Préfaces au commentaire à Tite-Live et à la Chronologie
Henri Glaréan
Introduction: Clemens Schlip (traduction française: David Amherdt). Version: 10.02.2023.
Date de composition: avant 1540.
Première édition: In omneis, quae quidem extant, T. Livii… decadas, annotationes, cum ejusdem chronologia in totam Romanam historiam, nunc primum non sine foenore recognita…, Bâle, Isengrin, 1540, ici fol. A 2ro-2vo; 3ro (épître dédicatoire à Charles Quint); C 3ro (épître dédicatoire à Ferdinand).
Les textes sélectionnés ici témoignent de l’intérêt de Glaréan pour la philologie et l’Antiquité, qui se manifestait non seulement dans son enseignement, mais aussi dans les commentaires et autres outils pour l’étude de la littérature antique qu’il publiait; son principal centre d’intérêt portait sur les poètes et les historiens. Les textes présentés ici sont extraits des épîtres dédicatoires de 1540 que Glaréan adressa à l’empereur Charles Quint (lettre précédant son commentaire de Tite-Live) et au frère de celui-ci, le roi et futur empereur Ferdinand (lettre précédant sa Chronologie de l’histoire romaine).

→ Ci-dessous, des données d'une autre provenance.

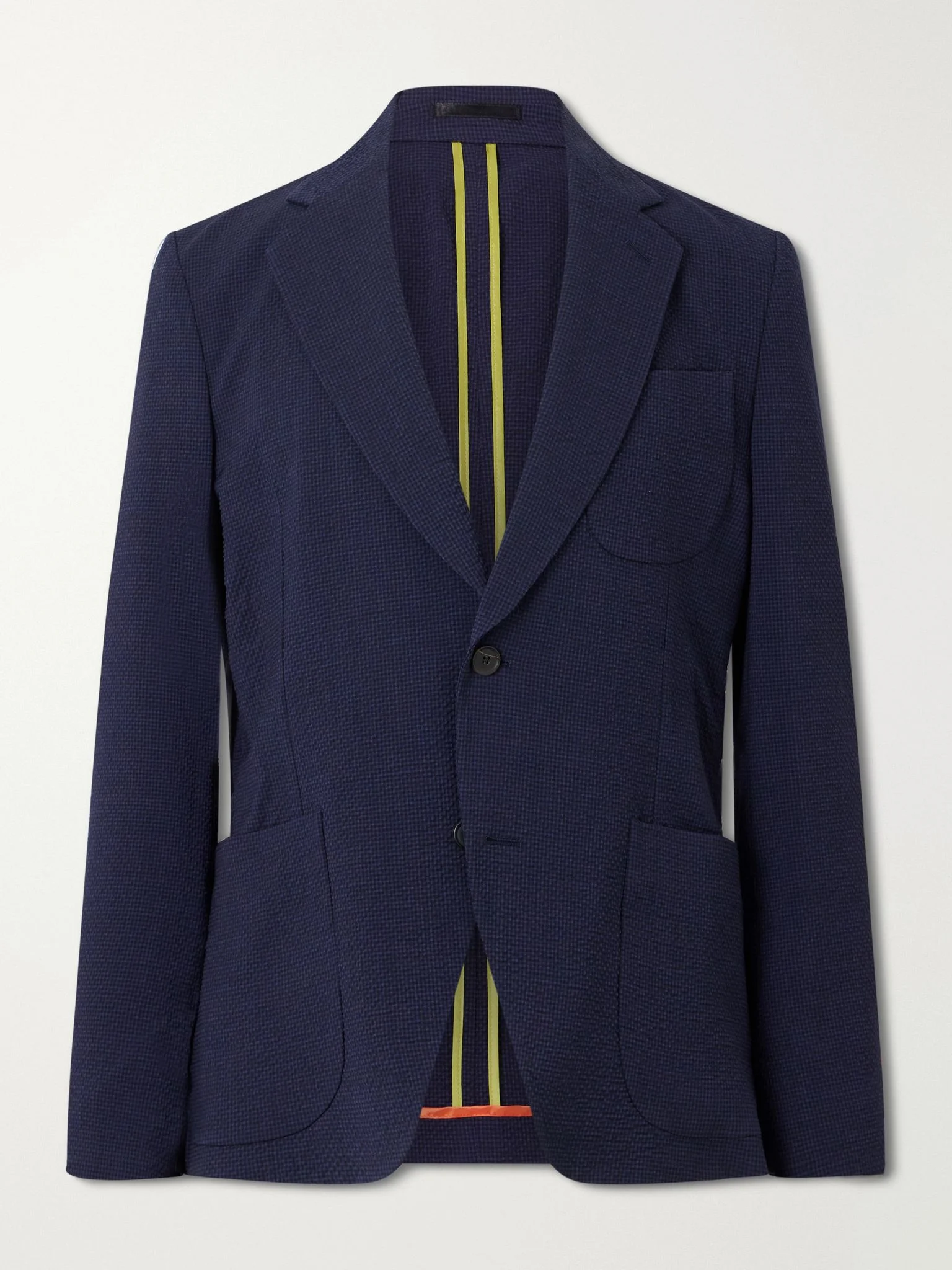 Wool-Blend Seersucker Suit Jacket Navy - 1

Les annotations à toutes les décades restantes de Tite-Live (Annotationes in omneis, quae quidem extant T. Livii Patavini clarissimi historici decadas) de 1540 constituent un moment important de l’activité éditoriale humaniste et philologique de Glaréan, qui a souvent traité de l’historien romain (59 av. J.-C. – 17 apr. J.-C.) dans son enseignement universitaire. En 1559, vers la fin de son activité comme professeur à Fribourg-en-Brisgau, il fit précéder son cours sur Tite-Live d’une remarquable autobiographie en vers.

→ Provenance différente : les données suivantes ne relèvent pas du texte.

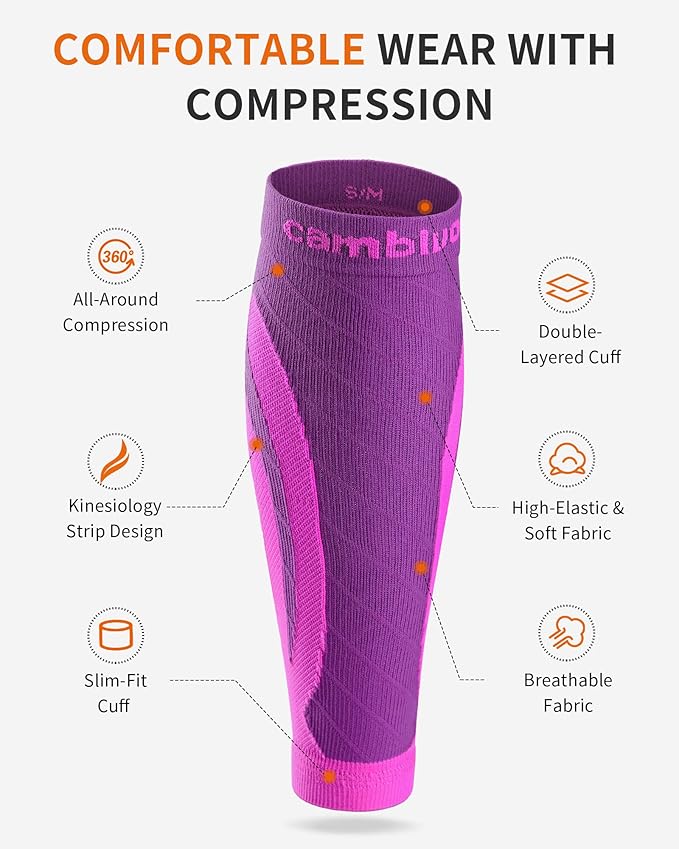 CAMBIVO 3 Pairs Calf Compression Sleeves for Men & Women – Footless Compression Socks for Shin Splints, Pain Relief, Varicose Veins – Leg Support for Running, Travel, Fitness, Nursing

L’épître dédicatoire à Charles Quint, dont sont tirés les extraits que nous publions, date du 1er mai 1540. La Chronologie ajoutée au commentaire de Tite-Live avec d’autres suppléments d’auteurs divers avait paru pour la première fois en 1531, puis en 1535 sous une forme révisée et augmentée. À l’origine il ne s’agissait que d’une chronologie de l’œuvre de Tite-Live, mais en 1535 la période couverte fut étendue à toute l’histoire romaine jusqu’à l’empereur Justinien; cette extension, qui commence avec l’empereur Tibère, avait pour auteur Gregor Haloander et fut présentée comme un supplément. La chronologie commençait désormais avec la guerre de Troie. L’édition de 1535 contient déjà une épître dédicatoire au roi Ferdinand, datée du 15 octobre 1535. La nouvelle épître dédicatoire de l’édition de 1540, datée du 1er septembre 1540, qui reprend certes plusieurs formulations et phrases de la première épître, est cependant tout à fait originale. La Chronologie imprimée dans l’édition de 1540 avec de légères améliorations donne sous forme de table une vue d’ensemble des événements de l’histoire romaine présentés chronologiquement; en parallèle figurent, dans la mesure du possible, les événements historiques concernant d’autres peuples antiques (les Hébreux, les Mèdes, les Macédoniens, etc.). De tels tableaux synchroniques étaient courants à l’époque humaniste, mais leurs racines remontent à l’Antiquité (on mentionnera en particulier l’influence de la chronique d’Eusèbe). Tant les Annotationes que la Chronologia furent réimprimées plusieurs fois durant les décennies suivantes et intégrées aux éditions de Tite-Live.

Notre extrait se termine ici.